UConn Has 10 Days To Pay Ex-Head Coach Kevin Ollie $11 Million
In SummaryThe former University of Connecticut head men’s basketball coach won his arbitration case for being improperly fired by the school in 2018.
The University of Connecticut was ordered to pay its alum and former men’s head basketball coach $11 million for being unjustly fired.
It’s not next-day shipping, but it is priority mail for Kevin Ollie, who won his arbitration case Thursday against the university. The school has 10 business days to pay Ollie.
Ollie, 49, roamed the sideline for UConn for six years, leading the Huskies to a National Championship in 2014.
However, he was let go by the program in March 2018 due to “disciplinary measures.” The university fired Ollie to avoid paying him a massive buyout from his contract. The school also reported several NCAA violations in his program.
According to the independent arbitrator Mark Irvings, UConn “violated the collective bargaining agreement when it terminated Kevin Ollie without just cause.”
The arbitrator ruled in the former head coach’s favor, ordering UConn to pay him “$11,157,032.95 within the next 10 business days.” Ollie’s attorney, Jacques Parenteau called the ruling a “total vindication.”
UConn “vigorously disagrees” with the arbitrator’s decision. “This arbitration clearly established — after 33 days of hearings and the testimony and cross examination of actual witnesses under oath — that Kevin Ollie did not violate the NCAA rules that were used to justify the draconian sanctions imposed on him,’” Parenteau and co-counsel William Madsen said in a statement. The arbitrator correctly found that there was no just cause to terminate Kevin Ollie’s employment as the head coach of an NCAA basketball team.”
The NCAA violations led to two years of probation by the Huskies and Ollie had to sit out three years before becoming a head coach in the NCAA again.

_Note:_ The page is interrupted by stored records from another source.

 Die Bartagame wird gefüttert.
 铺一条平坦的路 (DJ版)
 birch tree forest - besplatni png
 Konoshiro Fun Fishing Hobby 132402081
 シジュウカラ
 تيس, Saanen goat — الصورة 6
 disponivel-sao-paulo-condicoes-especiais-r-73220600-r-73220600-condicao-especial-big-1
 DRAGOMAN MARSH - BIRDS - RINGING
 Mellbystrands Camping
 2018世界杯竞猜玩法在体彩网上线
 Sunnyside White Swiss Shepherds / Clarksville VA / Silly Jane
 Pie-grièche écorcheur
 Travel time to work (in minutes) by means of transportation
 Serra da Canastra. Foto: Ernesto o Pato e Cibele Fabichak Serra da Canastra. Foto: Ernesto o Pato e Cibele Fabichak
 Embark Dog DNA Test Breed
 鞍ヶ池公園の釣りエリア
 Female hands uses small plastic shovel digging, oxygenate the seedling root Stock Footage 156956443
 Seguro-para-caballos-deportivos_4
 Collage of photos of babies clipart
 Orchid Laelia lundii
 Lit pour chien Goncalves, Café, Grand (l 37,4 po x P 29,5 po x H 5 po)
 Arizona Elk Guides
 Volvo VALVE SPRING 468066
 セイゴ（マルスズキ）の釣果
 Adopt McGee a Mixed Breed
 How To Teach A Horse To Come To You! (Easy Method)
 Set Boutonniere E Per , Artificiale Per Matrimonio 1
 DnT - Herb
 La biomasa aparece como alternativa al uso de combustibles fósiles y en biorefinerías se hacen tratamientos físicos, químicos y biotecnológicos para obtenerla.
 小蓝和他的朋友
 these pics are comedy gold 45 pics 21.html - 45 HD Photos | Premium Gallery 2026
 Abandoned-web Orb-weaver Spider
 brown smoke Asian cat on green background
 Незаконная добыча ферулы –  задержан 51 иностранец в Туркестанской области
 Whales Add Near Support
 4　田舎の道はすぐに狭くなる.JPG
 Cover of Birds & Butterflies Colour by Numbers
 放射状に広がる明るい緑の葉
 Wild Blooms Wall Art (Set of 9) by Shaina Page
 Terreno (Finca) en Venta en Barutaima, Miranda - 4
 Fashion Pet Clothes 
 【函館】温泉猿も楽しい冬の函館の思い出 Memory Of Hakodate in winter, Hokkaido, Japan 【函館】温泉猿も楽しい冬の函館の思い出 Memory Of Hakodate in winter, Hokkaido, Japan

The former UConn coach is currently coaching for Overtime Elite, a “transformative new sports league that offers the world’s most talented young basketball players a better pathway to becoming professional athletes.”
The UConn athletic department sports budget rose from $43.5 million to $47.2 million a day before the ruling.
“In closing, I wish to assure the University of Connecticut community, my alma mater and an institution that has meant so much to me over the years, that the university will always have a special place in my heart and will always be a part of my family,” Ollie’s statement said.